_Task material:_
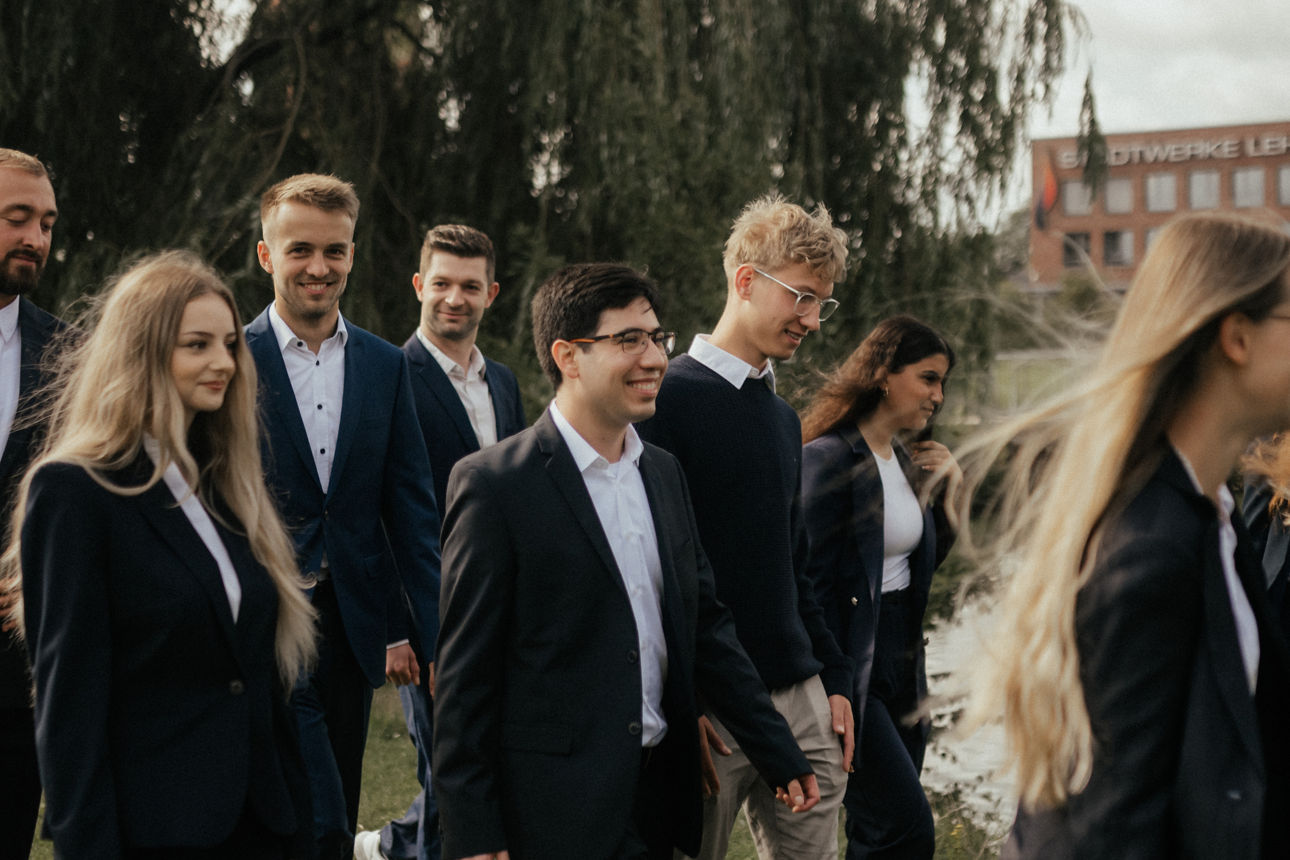 Eine Gruppe junger Erwachsener läuft draußen vor einer Trauerweide entlang.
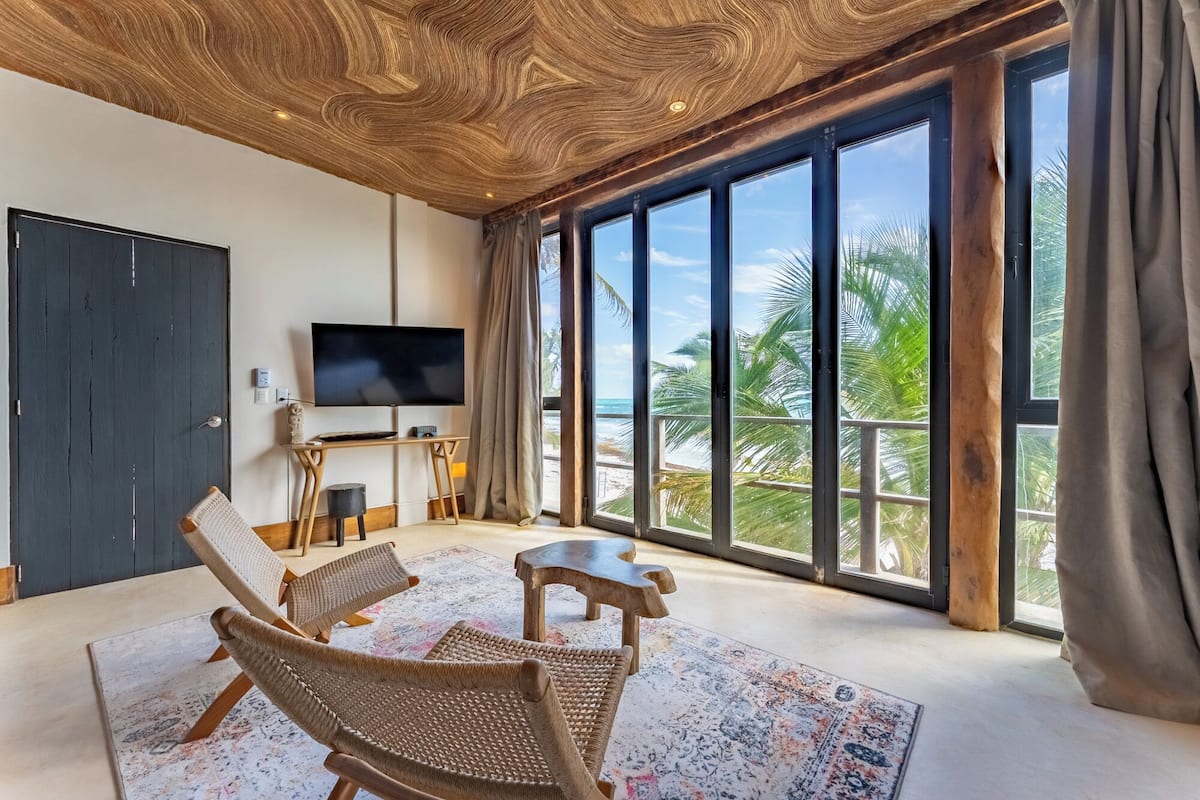 Une pièce dotée d’un grand téléviseur, de fauteuils en osier, d’un plafond en bois et offrant une vue sur la plage.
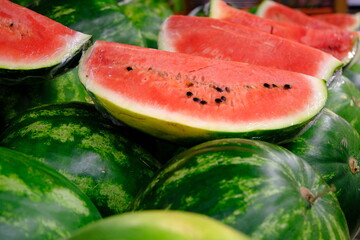 Fresh summer fruit watermelons sold in a market. Healthy vegan nutrition. Sliced ​​watermelons....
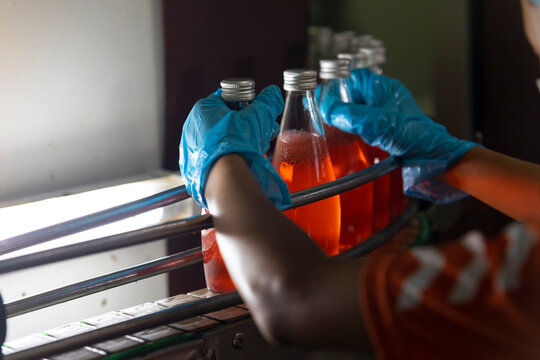 Close up of hand of factory worker holding bottle of orange juice.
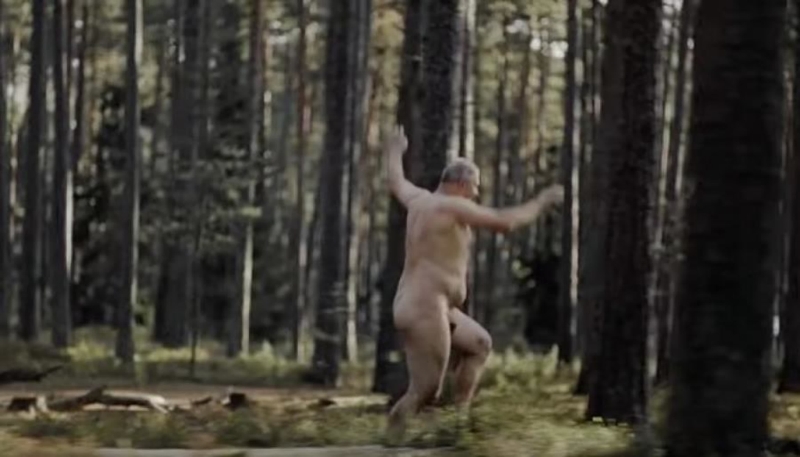 A naked guy runs through the woods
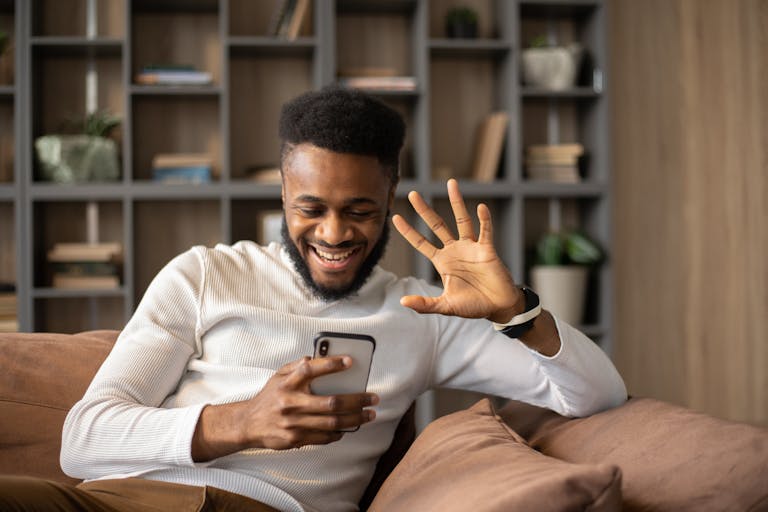 Smiling man relaxing on couch, waving during an engaging smartphone video call indoors.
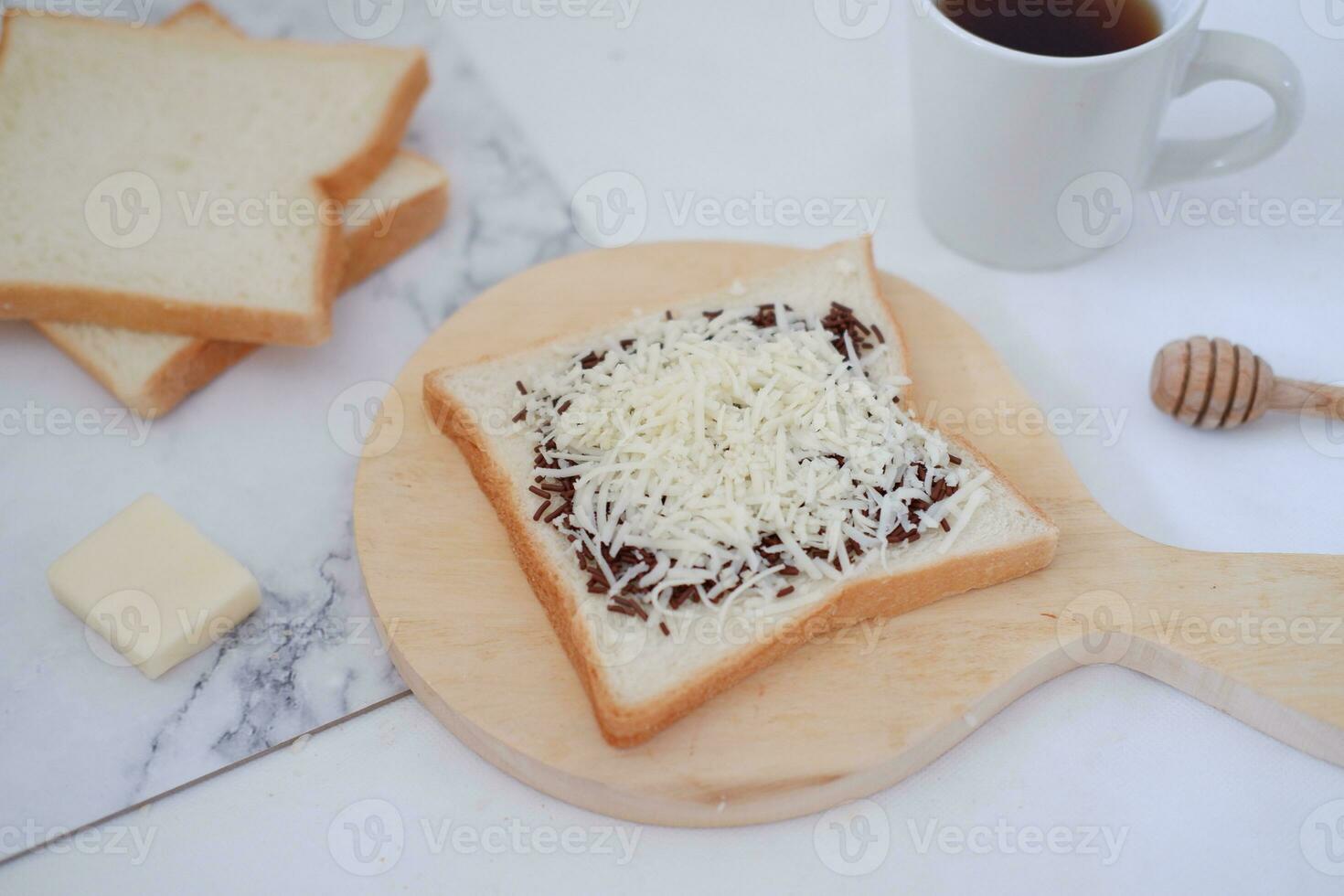 Breakfast with coffee, cheese and bread on white marble table. photo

_Exercise instructions:_ Output the records above exactly, omitting the pictures.

_Task output:_
 Eine Gruppe junger Erwachsener läuft draußen vor einer Trauerweide entlang.
 Une pièce dotée d’un grand téléviseur, de fauteuils en osier, d’un plafond en bois et offrant une vue sur la plage.
 Fresh summer fruit watermelons sold in a market. Healthy vegan nutrition. Sliced ​​watermelons....
 Close up of hand of factory worker holding bottle of orange juice.
 A naked guy runs through the woods
 Smiling man relaxing on couch, waving during an engaging smartphone video call indoors.
 Breakfast with coffee, cheese and bread on white marble table. photo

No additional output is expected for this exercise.